# Got a call from a Collection agency today



## Marie5656 (Jul 9, 2019)

*Trying to reach my husband, to collect on his medical bills.  I bit my tongue before saying "If you get ahold of him, let me know_.  I then told them he was dead.  She asked when?  I said April.  They asked if I was managing his estate.  I said yes, and I do not have the money to pay that much (almost $2000) in his estate account.  And I have other bills to pay, which according to what I was told by surrogate office, I need to pay before any medical bills.  They asked if I could settle for a reduced amount.  Still less than what I had on hand.  I told them so.  I thin said, I do not have the funds to pay the,.  Am I personally legally responsible to pay the debt.  She hesitated and said "No".  I said OK, now what?  So I just faxed them his death certificate and the most recent statement from his account.  Supposedly they will cancel the debt.  *


----------



## Trade (Jul 9, 2019)

If you have no liability yourself don't give the blood suckers a cent.


----------



## Marie5656 (Jul 9, 2019)

Trade said:


> If you have no liability yourself don't give the blood suckers a cent.


Well, this should be the end of it.  I will probably have to go through it all again when the nursing home tries to collect.  I have a family member I trust enough to ask about all this financial stuff.

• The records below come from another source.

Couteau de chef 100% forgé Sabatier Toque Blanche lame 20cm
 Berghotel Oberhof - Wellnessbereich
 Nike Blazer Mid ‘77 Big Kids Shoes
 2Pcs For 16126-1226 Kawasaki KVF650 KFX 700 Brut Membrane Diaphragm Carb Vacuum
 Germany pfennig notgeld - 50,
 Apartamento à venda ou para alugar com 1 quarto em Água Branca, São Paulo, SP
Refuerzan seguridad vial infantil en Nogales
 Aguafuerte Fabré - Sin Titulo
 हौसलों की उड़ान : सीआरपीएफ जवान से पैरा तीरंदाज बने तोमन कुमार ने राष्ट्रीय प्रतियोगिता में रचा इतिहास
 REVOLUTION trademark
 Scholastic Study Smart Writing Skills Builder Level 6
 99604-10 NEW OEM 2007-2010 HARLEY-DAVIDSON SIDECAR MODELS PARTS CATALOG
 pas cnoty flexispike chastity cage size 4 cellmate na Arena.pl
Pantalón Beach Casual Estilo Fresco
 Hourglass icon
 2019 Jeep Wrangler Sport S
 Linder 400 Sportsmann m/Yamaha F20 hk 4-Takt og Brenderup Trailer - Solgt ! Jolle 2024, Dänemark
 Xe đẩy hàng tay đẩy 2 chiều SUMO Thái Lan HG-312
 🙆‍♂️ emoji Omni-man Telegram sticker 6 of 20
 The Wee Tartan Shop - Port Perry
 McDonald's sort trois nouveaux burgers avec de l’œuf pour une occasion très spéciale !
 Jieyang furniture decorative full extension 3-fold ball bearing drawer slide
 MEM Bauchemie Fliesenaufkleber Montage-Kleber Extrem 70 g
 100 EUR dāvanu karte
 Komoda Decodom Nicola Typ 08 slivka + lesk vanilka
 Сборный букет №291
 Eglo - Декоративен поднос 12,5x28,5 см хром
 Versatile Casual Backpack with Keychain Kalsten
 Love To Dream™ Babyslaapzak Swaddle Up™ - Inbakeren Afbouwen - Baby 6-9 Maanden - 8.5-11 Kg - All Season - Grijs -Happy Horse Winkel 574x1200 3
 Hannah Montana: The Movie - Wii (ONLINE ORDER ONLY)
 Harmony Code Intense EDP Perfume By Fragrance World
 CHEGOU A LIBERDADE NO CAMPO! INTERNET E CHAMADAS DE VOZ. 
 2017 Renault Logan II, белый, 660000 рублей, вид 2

He said I am doing the right thing


----------



## Uptosnuff (Jul 9, 2019)

Good for you that you had the presence of mind to ask if you are legally responsible for the debt.  I'm not sure if I would have thought of that at the time.  Hang in there!


----------



## 911 (Jul 9, 2019)

You are not liable for your dead husband’s debts. Be forewarned that credit agencies will say whatever they think will get you to pay, but don’t fall for their lies. Unless, you are a co-signer on a loan or other similar type of instrument, you need not pay. 

I’m no lawyer, but I have experienced this with other family members.


----------



## Marie5656 (Jul 9, 2019)

911 said:


> You are not liable for your dead husband’s debts. Be forewarned that credit agencies will say whatever they think will get you to pay, but don’t fall for their lies. Unless, you are a co-signer on a loan or other similar type of instrument, you need not pay.
> 
> I’m no lawyer, but I have experienced this with other family members.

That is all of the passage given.